Sam once blasted the “negative impact” of gaming on the Chinese special administrative region (SAR), but has since softened his stance. At a Sept. 28 press conference, he acknowledged gaming’s contributions to the economy, but added that the industry must “develop healthily” for the city’s long-term health.

Sam said his administration “will protect and supervise the healthy and orderly development of the six concessionaires,” and also pursue the development of four additional pillar industries: finance, technology, health, and meetings and conventions.
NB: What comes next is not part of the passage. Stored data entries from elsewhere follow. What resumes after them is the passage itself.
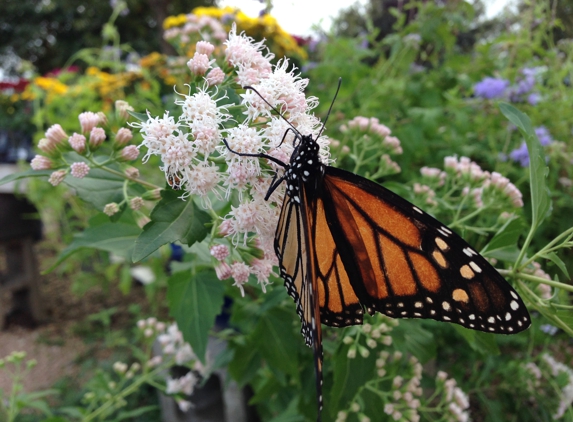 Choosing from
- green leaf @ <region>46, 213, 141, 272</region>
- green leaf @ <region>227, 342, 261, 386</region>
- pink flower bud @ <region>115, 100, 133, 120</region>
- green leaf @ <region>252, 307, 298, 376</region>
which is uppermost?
pink flower bud @ <region>115, 100, 133, 120</region>

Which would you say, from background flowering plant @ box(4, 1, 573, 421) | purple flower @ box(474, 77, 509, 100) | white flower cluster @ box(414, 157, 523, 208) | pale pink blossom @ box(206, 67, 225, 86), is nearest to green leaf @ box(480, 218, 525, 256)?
background flowering plant @ box(4, 1, 573, 421)

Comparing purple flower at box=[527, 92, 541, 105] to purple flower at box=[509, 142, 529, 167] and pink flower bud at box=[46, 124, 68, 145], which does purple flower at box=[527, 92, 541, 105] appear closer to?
purple flower at box=[509, 142, 529, 167]

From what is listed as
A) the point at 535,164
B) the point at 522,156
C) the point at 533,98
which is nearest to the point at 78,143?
the point at 535,164

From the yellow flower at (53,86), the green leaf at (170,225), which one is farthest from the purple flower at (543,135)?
the yellow flower at (53,86)

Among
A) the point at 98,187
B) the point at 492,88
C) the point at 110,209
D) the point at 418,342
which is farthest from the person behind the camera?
the point at 492,88

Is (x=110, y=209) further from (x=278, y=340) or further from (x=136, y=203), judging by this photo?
(x=278, y=340)

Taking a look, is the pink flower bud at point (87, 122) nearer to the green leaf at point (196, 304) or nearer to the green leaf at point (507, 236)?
the green leaf at point (196, 304)

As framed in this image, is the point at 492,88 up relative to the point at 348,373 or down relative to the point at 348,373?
up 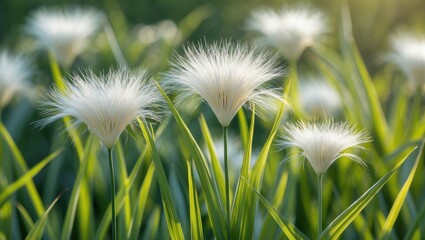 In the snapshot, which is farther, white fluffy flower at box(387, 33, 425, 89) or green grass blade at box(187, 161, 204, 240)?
white fluffy flower at box(387, 33, 425, 89)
The so-called “1+4” approach—or gaming-plus—will “promote the diversified development of the Macau economy,” said Sam, and position the city as an international tourism and leisure destination. In May, current CE Ho Iat-seng said gaming contributed less than 40 percent to gross domestic product in 2023, down from about 60 percent.
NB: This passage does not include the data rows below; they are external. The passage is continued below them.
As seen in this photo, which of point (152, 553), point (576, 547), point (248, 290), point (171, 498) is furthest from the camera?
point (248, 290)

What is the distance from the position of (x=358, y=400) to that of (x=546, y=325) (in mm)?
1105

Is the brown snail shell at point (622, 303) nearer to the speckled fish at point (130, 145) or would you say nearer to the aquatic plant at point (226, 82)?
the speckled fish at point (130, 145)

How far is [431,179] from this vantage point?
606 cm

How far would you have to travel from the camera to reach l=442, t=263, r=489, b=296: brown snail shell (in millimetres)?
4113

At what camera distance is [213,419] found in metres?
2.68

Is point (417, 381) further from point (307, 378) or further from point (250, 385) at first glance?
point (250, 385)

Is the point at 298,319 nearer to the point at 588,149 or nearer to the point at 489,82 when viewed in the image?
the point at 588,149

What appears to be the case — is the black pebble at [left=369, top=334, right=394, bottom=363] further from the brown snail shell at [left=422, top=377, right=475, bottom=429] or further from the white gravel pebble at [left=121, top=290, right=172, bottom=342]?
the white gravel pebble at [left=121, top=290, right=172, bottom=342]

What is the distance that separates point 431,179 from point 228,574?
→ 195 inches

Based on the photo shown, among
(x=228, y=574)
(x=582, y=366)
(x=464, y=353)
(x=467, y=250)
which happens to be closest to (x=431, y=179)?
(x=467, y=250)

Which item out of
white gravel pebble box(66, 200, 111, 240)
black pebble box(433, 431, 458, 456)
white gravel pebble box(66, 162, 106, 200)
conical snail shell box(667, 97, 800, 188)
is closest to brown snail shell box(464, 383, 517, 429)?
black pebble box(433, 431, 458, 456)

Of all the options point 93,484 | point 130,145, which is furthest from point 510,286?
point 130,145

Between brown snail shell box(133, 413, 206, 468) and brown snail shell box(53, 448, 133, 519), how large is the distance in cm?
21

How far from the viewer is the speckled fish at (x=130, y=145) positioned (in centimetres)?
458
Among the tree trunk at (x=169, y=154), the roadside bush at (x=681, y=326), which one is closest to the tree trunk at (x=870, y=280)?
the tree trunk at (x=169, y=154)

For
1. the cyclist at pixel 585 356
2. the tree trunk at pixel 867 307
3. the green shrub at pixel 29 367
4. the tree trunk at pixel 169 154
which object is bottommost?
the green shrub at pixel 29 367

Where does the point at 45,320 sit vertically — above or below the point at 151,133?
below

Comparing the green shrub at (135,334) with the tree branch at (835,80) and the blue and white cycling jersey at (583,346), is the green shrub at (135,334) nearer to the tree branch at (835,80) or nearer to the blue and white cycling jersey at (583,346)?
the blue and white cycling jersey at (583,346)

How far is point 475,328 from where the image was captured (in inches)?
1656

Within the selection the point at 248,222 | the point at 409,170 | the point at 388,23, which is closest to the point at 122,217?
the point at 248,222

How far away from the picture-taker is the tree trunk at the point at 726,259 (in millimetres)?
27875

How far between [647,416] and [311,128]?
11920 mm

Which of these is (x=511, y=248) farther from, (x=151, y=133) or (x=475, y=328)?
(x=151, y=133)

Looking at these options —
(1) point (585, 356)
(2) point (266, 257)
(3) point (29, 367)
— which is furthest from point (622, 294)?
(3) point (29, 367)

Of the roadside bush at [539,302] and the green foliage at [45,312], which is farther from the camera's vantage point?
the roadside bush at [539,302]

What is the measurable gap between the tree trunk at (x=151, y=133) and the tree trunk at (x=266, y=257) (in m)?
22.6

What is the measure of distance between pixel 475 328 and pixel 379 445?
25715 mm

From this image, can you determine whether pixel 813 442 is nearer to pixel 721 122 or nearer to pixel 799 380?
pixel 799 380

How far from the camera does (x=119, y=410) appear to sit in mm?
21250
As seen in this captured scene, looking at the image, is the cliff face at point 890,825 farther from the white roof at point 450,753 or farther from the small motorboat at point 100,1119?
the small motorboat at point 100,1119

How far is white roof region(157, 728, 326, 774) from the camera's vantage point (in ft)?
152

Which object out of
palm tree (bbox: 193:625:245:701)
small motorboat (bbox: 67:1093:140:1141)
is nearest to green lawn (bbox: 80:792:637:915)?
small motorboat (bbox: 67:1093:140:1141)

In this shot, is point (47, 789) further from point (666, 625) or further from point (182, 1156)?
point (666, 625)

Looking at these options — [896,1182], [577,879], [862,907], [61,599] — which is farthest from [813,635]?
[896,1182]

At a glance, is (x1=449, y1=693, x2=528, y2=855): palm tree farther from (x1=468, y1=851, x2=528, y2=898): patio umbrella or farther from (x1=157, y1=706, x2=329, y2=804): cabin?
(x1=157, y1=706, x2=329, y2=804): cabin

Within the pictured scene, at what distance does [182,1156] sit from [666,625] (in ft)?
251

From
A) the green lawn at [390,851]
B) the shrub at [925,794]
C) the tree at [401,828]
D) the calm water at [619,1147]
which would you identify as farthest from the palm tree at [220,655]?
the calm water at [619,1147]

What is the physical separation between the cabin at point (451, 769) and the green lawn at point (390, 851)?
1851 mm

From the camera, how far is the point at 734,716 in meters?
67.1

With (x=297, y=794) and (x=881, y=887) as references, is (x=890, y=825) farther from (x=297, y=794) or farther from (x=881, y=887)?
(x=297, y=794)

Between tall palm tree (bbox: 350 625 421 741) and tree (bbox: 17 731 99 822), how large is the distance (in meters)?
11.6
Thailand Rejects Government-Run Casinos

As Thailand gears up for a legal casino industry, MP Korrawee Prissanantakul has proposed that the government develop and operate its own gaming halls, instead of bringing in global operators. That way, he said, the kingdom would own the monopoly, and “all Thais would benefit from this policy, not only certain investors.”

But Deputy Finance Minister Julapun Amornvivat says the industry will be open to all qualified bidders: any limited or public company registered in Thailand with paid-up capital of no less than 10 billion baht (US$300 million). Applicants must pay a filing fee of 100,000 baht, an initial license fee of 5 billion baht, and an annual fee of 1 billion baht.
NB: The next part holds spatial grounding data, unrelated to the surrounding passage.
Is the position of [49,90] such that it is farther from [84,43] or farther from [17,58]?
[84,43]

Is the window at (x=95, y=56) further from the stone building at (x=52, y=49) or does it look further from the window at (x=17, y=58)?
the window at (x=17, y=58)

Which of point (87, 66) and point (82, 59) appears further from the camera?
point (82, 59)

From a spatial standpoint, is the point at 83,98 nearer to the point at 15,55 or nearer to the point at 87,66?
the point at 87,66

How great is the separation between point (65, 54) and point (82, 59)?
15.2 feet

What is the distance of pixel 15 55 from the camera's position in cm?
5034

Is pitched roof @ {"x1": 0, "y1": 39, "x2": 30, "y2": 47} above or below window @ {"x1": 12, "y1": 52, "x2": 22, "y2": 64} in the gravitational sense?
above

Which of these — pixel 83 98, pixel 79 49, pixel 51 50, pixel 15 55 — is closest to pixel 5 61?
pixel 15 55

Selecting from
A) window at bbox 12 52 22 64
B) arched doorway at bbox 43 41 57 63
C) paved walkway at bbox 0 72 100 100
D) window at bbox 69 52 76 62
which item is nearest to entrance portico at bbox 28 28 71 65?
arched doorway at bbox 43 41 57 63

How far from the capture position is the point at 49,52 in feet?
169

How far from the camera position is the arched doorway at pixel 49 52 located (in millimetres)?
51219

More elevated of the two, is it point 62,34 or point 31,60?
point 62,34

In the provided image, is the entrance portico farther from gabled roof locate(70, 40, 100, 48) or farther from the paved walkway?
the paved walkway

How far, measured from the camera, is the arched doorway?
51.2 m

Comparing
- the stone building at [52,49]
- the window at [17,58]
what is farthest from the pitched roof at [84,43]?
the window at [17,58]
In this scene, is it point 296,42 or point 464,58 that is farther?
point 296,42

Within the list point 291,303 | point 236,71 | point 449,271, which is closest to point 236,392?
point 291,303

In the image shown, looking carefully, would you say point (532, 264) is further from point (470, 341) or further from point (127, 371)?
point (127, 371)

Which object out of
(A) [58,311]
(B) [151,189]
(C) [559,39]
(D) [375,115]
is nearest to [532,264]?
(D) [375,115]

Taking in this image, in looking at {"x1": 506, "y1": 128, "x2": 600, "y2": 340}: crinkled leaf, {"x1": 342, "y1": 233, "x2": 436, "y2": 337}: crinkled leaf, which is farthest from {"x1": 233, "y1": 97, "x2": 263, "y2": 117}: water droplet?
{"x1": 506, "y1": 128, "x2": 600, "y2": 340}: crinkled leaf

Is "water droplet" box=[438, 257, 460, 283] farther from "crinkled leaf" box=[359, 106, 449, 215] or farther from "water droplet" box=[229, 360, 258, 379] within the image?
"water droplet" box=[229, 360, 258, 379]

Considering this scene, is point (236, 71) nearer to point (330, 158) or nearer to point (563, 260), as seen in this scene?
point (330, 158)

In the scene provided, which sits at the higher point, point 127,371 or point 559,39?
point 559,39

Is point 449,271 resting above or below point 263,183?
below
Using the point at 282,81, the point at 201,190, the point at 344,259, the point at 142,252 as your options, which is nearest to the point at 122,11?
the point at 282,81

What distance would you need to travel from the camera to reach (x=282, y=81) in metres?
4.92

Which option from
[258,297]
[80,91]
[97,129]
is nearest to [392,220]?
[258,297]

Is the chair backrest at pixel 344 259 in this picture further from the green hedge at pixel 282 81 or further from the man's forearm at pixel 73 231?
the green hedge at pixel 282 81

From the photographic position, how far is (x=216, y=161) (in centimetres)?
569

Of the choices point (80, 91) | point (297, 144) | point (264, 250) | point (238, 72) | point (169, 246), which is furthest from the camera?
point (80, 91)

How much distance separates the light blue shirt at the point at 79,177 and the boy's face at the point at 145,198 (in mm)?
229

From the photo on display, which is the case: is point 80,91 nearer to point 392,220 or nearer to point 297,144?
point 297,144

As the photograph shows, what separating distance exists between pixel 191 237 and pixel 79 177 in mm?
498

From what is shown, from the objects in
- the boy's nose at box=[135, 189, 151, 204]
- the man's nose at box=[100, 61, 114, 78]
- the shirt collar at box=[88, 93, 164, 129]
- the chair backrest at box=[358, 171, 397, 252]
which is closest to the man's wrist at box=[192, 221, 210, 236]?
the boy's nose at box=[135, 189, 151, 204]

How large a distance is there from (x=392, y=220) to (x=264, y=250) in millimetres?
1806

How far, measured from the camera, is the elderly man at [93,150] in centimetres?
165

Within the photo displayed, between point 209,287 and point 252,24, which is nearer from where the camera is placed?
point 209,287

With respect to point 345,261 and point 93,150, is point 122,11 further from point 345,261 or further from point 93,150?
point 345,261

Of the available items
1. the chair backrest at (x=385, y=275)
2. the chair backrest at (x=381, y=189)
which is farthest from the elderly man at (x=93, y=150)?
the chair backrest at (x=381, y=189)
Many big names have already expressed interest, including the Las Vegas Sands Corp., Wynn Resorts, Caesars Entertainment, MGM Resorts, Galaxy Entertainment and Hard Rock. Genting and Melco may also be in the running for Thai gaming licenses, which will be valid for 30 years.

Philippines DOJ Warns Island Nation of POGOs

The Philippines are warning the island nation of Timor-Leste to steer clear of illicit offshore gaming operators. On Oct. 1, Justice Secretary Jesus Crispin Remulla visited the country, which recently staked its claim as a new center of iGaming that serves foreign gamblers. He shared the Philippines’ disastrous experience with Philippine Offshore Gaming Operators (POGOs), banned by President Ferdinand Marcos after reports of online scams, money laundering, kidnapping, torture and even murder.

In a statement, the Department of Justice (DOJ) said Timor-Leste is “one of the possible destinations where POGO operations could transfer.” Remulla advised officials there of “the potential socioeconomic and security challenges” that POGOs could bring, the DOJ added.

Hong Kong Pursues Charges against LET Chair

Hong Kong’s Securities and Futures Commission (SFC) has undertaken legal proceedings against the chairman and controlling shareholder of LET Group Holdings and Summit Ascent Holdings.

Andrew Lo did not seek shareholder approval when he tried to unload the group’s interest in its Russian casino resort, Tigre de Cristal. The alleged misconduct caused trading of shares in both companies to be suspended.
Proceeds from the sale—which ultimately fell through—would have helped fund the group’s US$1.1 billion casino hotel in Manila. Russia’s Primorye casino zone, home of Tigre de Cristal, has been struggling due to the war in Ukraine.

 

Wynn UAE Could Rival Las Vegas Ops

U.S.-based Wynn Resorts is looking at big returns from Wynn Al Marjan Island, a $4 billion beachfront resort now under development in Ras Al Khaimah, United Arab Emirates (UAE). The beachfront resort complex will include 1,500 hotel rooms, 60 townhouses and eight luxury suites, along with 60 restaurants, a meetings-and-convention space and an entertainment arena.

It will also include the Persian Gulf’s first legal casino. Al Marjan should be open to the public in 2027, and by 2030, could generate $1.8 billion in revenues and $500 million in EBITDA. By contrast, Wynn Las Vegas, which opened in 2005, reaped $2.5 billion in revenue and $945 million in EBITDA in 2023.

Though MGM Resorts has also applied for a casino license in the UAE, Wynn will likely have a lock on gaming in the region for three to five years. Morgan Stanley recently bumped Wynn Resorts to overweight or buy, based on the potential of the market.